§ **INFORMATION PROVIDED**:
++++++++++++++++++++

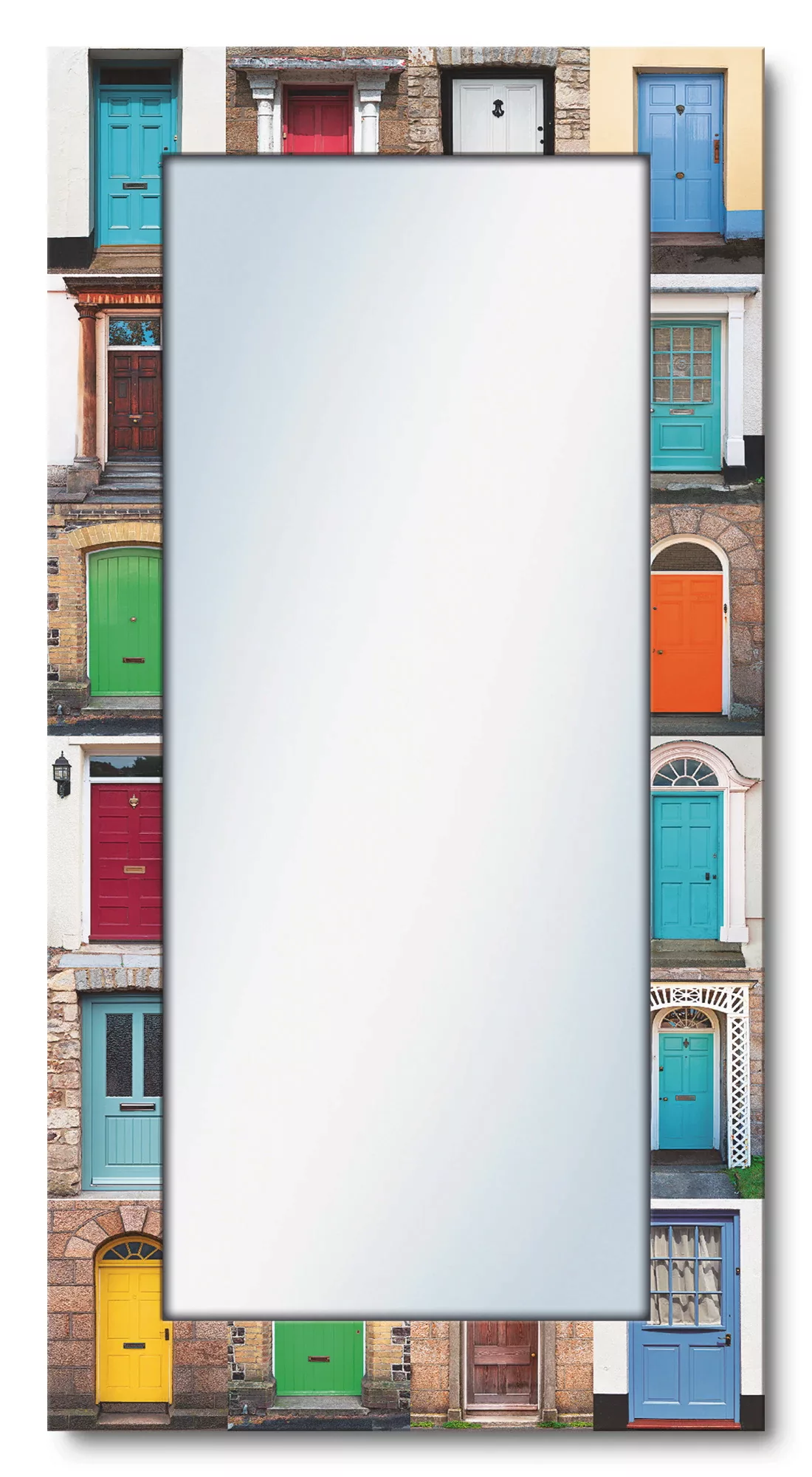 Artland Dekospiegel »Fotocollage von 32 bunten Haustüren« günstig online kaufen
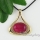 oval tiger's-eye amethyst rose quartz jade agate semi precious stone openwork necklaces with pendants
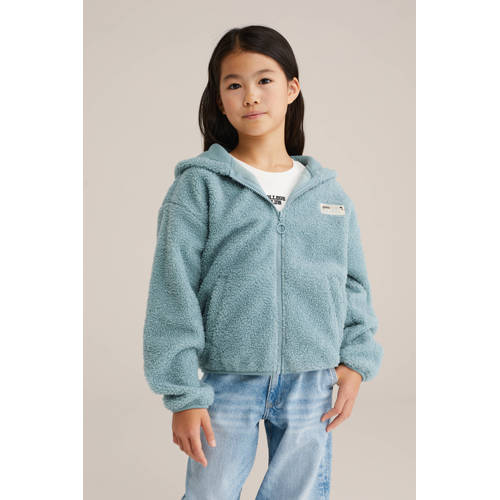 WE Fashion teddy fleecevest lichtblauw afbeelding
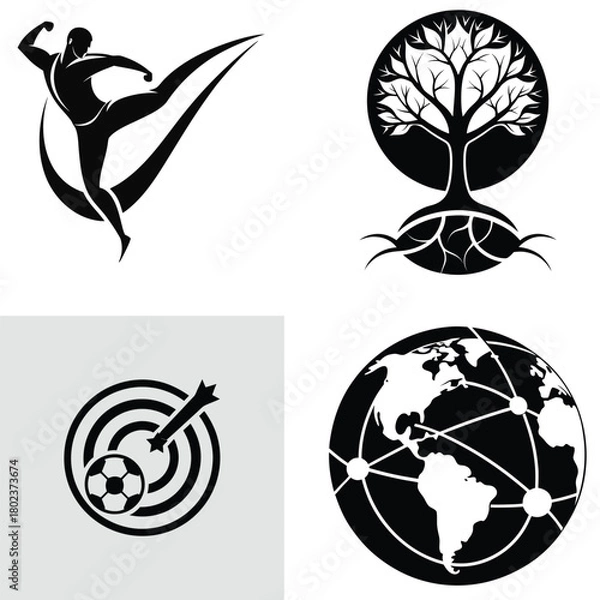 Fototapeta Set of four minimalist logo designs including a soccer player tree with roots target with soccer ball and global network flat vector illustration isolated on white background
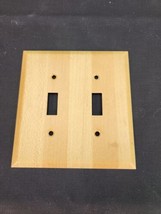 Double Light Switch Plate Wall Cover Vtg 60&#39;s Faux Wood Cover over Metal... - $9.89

++++++++++++++++++++

Print out every entry above without changing a word, and leave out the pictures.

 Artland Dekospiegel »Fotocollage von 32 bunten Haustüren« günstig online kaufen
 oval tiger's-eye amethyst rose quartz jade agate semi precious stone openwork necklaces with pendants
 WE Fashion teddy fleecevest lichtblauw afbeelding
 Fototapeta Set of four minimalist logo designs including a soccer player tree with roots target with soccer ball and global network flat vector illustration isolated on white background
 Double Light Switch Plate Wall Cover Vtg 60&#39;s Faux Wood Cover over Metal... - $9.89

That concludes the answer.